FERRAÙ FENZONI (Feanza 1562-1645)
FERRAÙ FENZONI (Feanza 1562-1645)

The Entombment

Details
FERRAÙ FENZONI (Feanza 1562-1645)
The Entombment
with inscription on the reverse 'Eques Ferraù Fenzoni'Faentin' inventor Ecco morto il tuo Dio, J(?)ch, cosi duro almeno Se non si chiede ahilafo(?). Duriformo cor mio. che non l'accogli in seno Per dargli sepoltura, altro ch'un safo Fed. Grutter incid. 1640.'
oil on copper, unframed
8½ x 9½ in. (21.5 x 24.1 cm.)
Provenance
Camillo Laderchi, Rome, 1629.
Literature
G.M. Valgimigli, 'Cenni biografici intorno al Cav. Ferraù Fenzoni Pittore', Atti e memorie della Reggia Deputazione di Storia Patria Romagna, 1877, p. 146.
Engraved
Johan Friedrich Greuter, 1640 (Hollstein 3).
Sale room notice
Please note that the illustration for the present lot is incorrectly numbered 138 in the sale catalogue.

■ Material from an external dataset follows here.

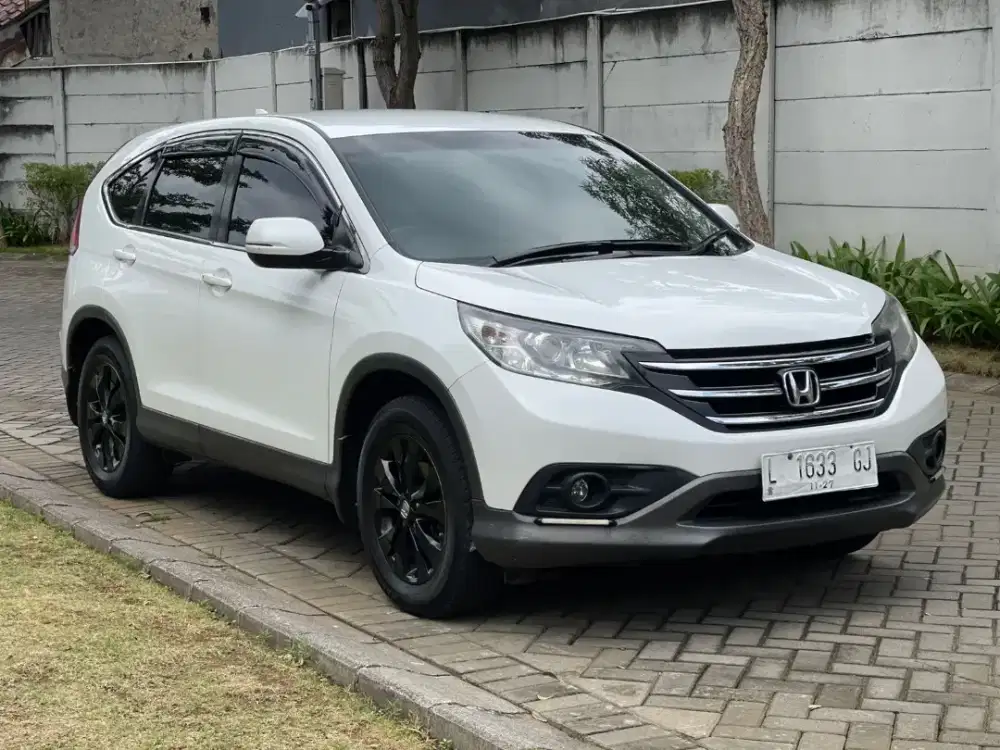 Honda CRV 2.0 matic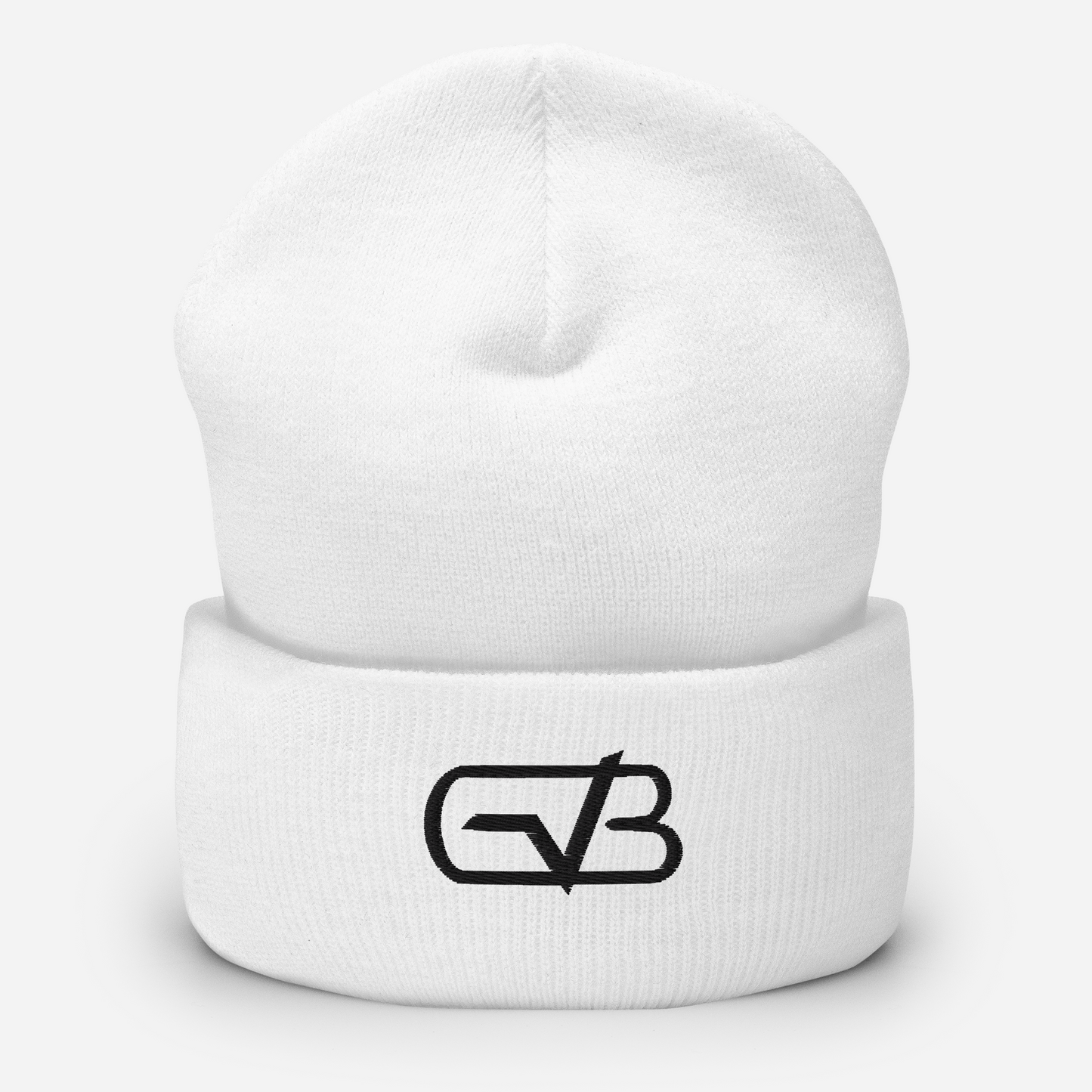 G.A.M.E.B.O.Y logo Cuffed Beanie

It should be number 139.

Lot Essay

There is no documentation pertaining to Ferraù Fenzoni's training as an artist. His first known works date from the late 1580s in Rome when he was already in his late twenties, and his most important commission is the small chapel of San Francesco in the Church of Santa Maria in Trastevere. He also collaborated with other artists on commissions in the Vatican, San Giovanni in Laterano and Santa Maria Maggiore. In 1593 he left for Todi in Umbria, where he worked for six years and, in 1599, returned to Faenza. He lived there for the remaining forty-five years of his life, devoting most of his time to drawing rather than painting.

This newly discovered copper is one of the very few works executed in the later period of his life. Its small size and refinement are similar to the type of drawings Fenzoni produced at the time. It was painted in 1629 for Camillo Laderchi, a fellow citizen from Faenza then living in Rome. On 30 May 1629 Fenzoni responded as follows in a letter to Laderchi accepting the commission: 'My soul, recognizing the honor your Lordship bestows upon me, gives me the resolution to make this small sketch that I will send to you in Rome, where so many pilgrims live, without considering the danger to paint a commission in my poor state of eyesight' (G.M Valgimigli, loc. cit.).

The picture was engraved by Johan Friedrich Greuter in 1640 (fig. 1), although the engraving is cut slightly on both sides. The rather elaborate space left on the copper for an inscription (recorded on the verso of the copper) was not copied onto the engraving.